“I’m Bored” Really Means “I Want My Brain Stimulated”

Don’t get caught in the “entertainment trap”. It is not our job to entertain, but to encourage and promote critical thinking and creativity.

We often hear kids come up and say “I’m bored…. I don’t have anything to do.” It is not our job to entertain our children 24/7. In fact, it is our responsibility to teach our children to think for themselves.

That doesn’t mean they might not need a little prompting.

It is really important in this day and age when we live in a society of instant gratification and in such a fast-paced environment, that we teach our brains, and the brains of our children, to be quiet. We live in a world where information is being thrown at us all the time. Our brains are busy, and we have made them continually busy even when we are not working through social media, video games and online browsing.

We are fast losing the skill to stop, not think and to allow our brains to wander. If we don’t teach our children those skills, they won’t know any different.

Children who have a watch a lot of television or play video games for extended periods or any other sort of screen time, they lose the ability to be creative and to think up their own games. Remember when we used to go outside and play for hours? There were no props (except maybe a stick we may have found or a tree to climb) and we were happy creating and exploring on our own and with friends.

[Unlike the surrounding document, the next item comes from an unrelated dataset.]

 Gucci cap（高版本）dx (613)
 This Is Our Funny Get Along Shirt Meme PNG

Today, children are relying more and more on electronic devices that have almost become a crutch for entertainment. Without one in their hands, you soon hear “I’m bored” because they can’t think of anything, on their own, to do.

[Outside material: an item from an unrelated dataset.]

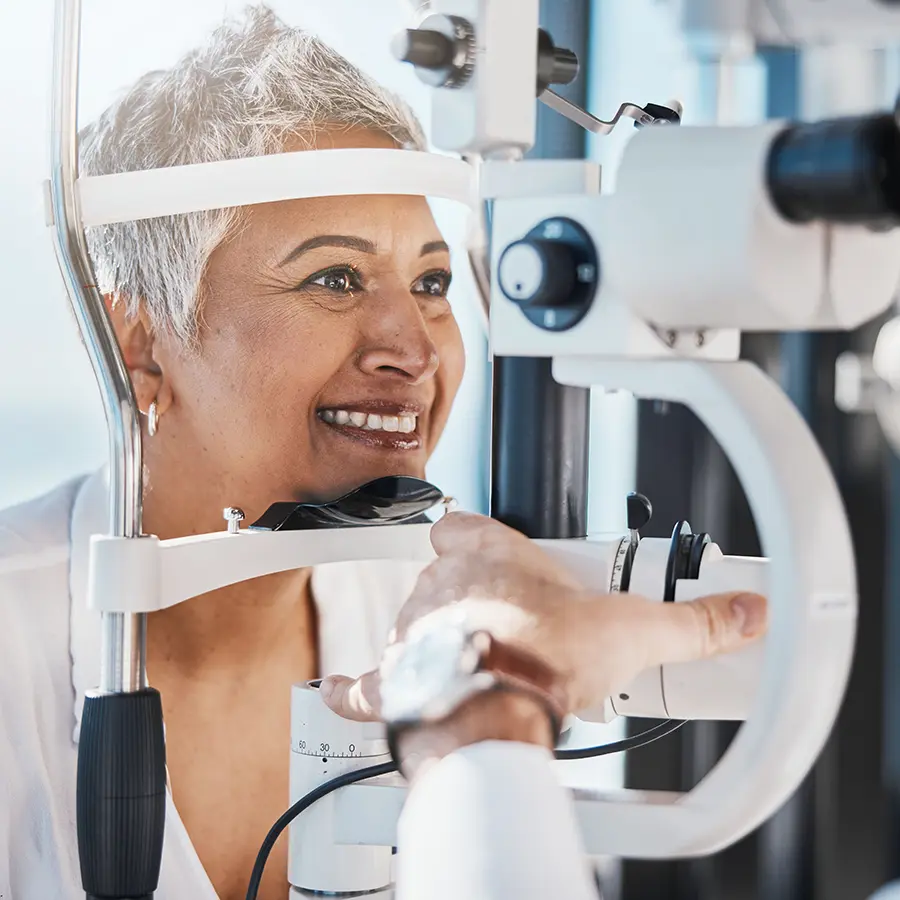 Comprehensive Eye Exam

These children have lost the ability to think creatively which also impedes critical thinking skills.

When a child is “bored” what they are really saying to you is “my brain needs to be stimulated.” There are two things that need to be taught to these children.

  1. To think creatively for themselves (come up with their own ideas) and
  2. To stop and allow the brain to be calm and just to wander

Both of these skills are equally important, and both are learned skills. Constant stimulation of the brain is not good so allowing that space for brains just to wander is important. It is also important for children to learn to think creatively without the aid of electronic devices which dampen the ability to come up with ideas.

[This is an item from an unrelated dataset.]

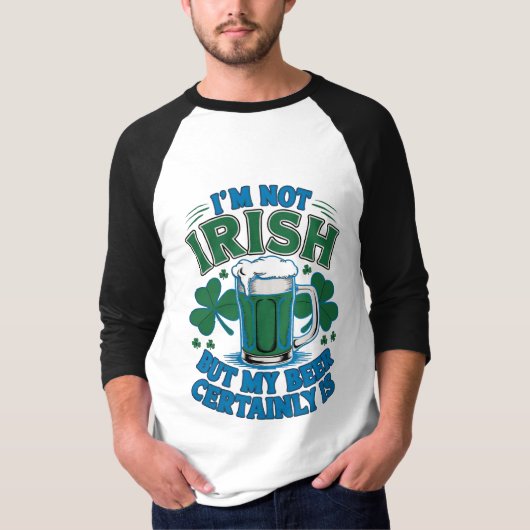 Gaelic Beer T-shirt (Voorkant)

Children who are not used to doing these things will need help. If they are bored maybe you could ask them some questions:

  • Can you think of something you would like to do now?
  • Can you think of something you can do that is fast?
  • Can you think of something you can do that is slow?
  • Find a book. How could we act out the story in this book?
  • How could you use this ball in a different way?
  • Can you get this ball from one end of the room to the other without using your hands?

These questions will help them to think in a different direction. It will provide the platform and support for them to come up with some ideas of their own. It won’t be easy at the start, particularly if they are not used to doing it, but over time, they will find it easier and easier.

This is much more productive than you providing the solution. When we do that constantly, we take away the opportunity for our children to create those moments where they practice those skills.

Great ideas and inventions did not come out of busy brains. They came out of quiet brains that were allowed to wander and find solutions. Child who are allowed to have those opportunities will come up with great ideas on their own.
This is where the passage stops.